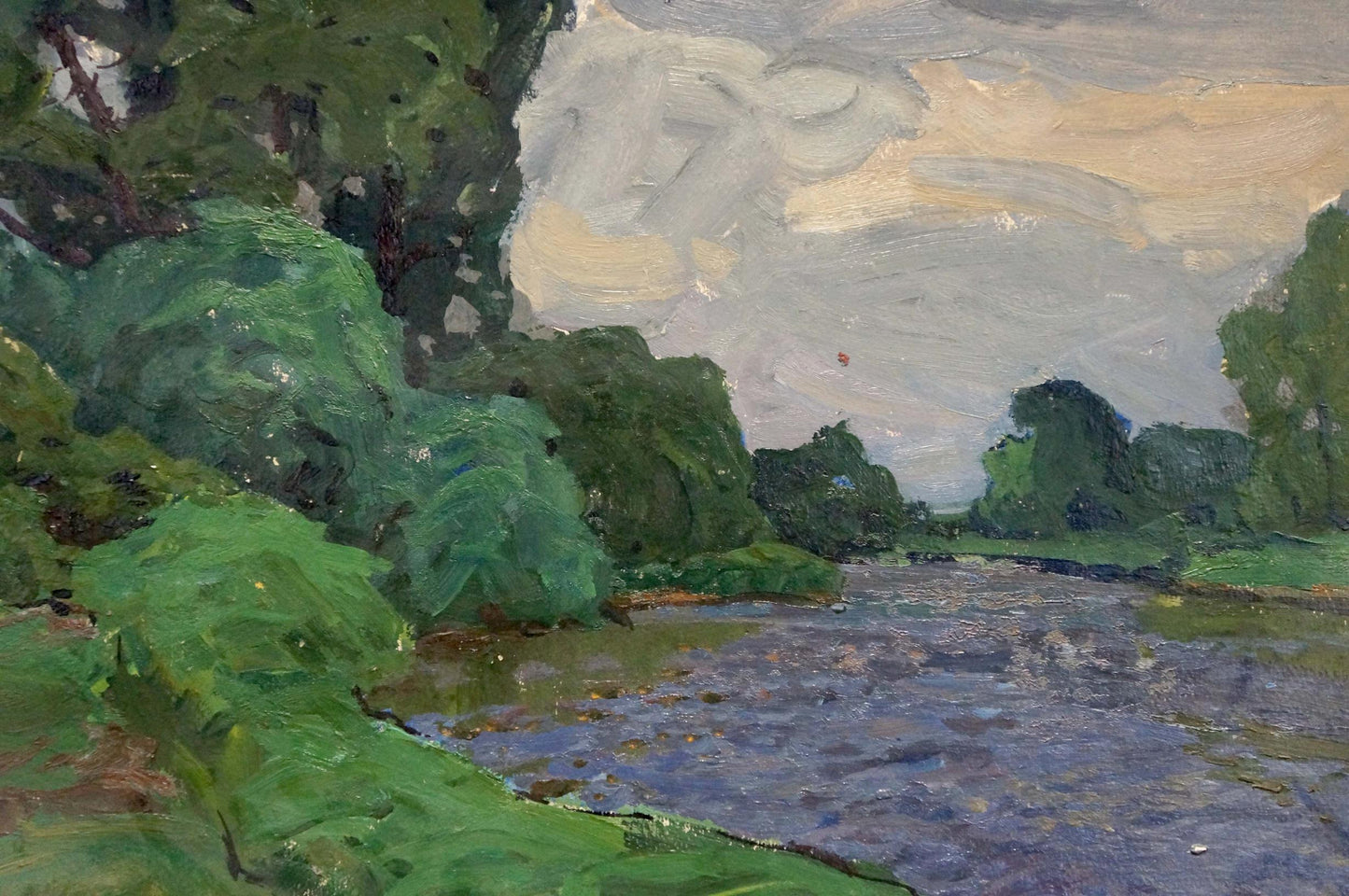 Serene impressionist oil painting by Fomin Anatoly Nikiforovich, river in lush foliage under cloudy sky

--

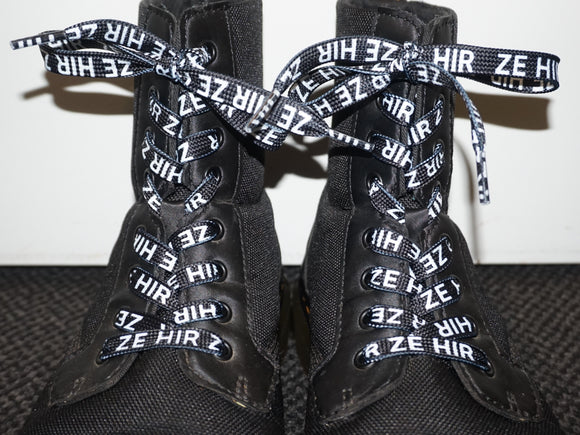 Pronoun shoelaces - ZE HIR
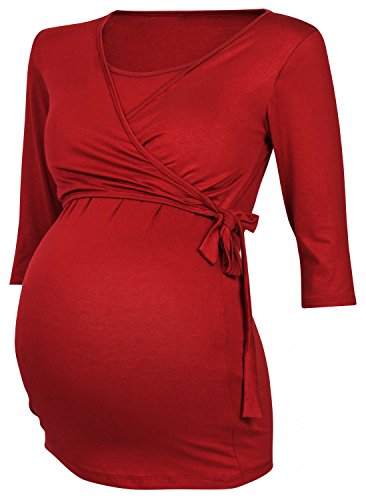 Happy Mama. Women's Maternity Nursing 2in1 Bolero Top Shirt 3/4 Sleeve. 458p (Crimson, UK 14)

▸ **Exercise prompt**
From the line containing "Pronoun shoelaces - ZE HIR" through the line containing "Happy Mama. Women's", copy every line above exactly, without pictures.

▸ **Response box**
 Pronoun shoelaces - ZE HIR
 Happy Mama. Women's Maternity Nursing 2in1 Bolero Top Shirt 3/4 Sleeve. 458p (Crimson, UK 14)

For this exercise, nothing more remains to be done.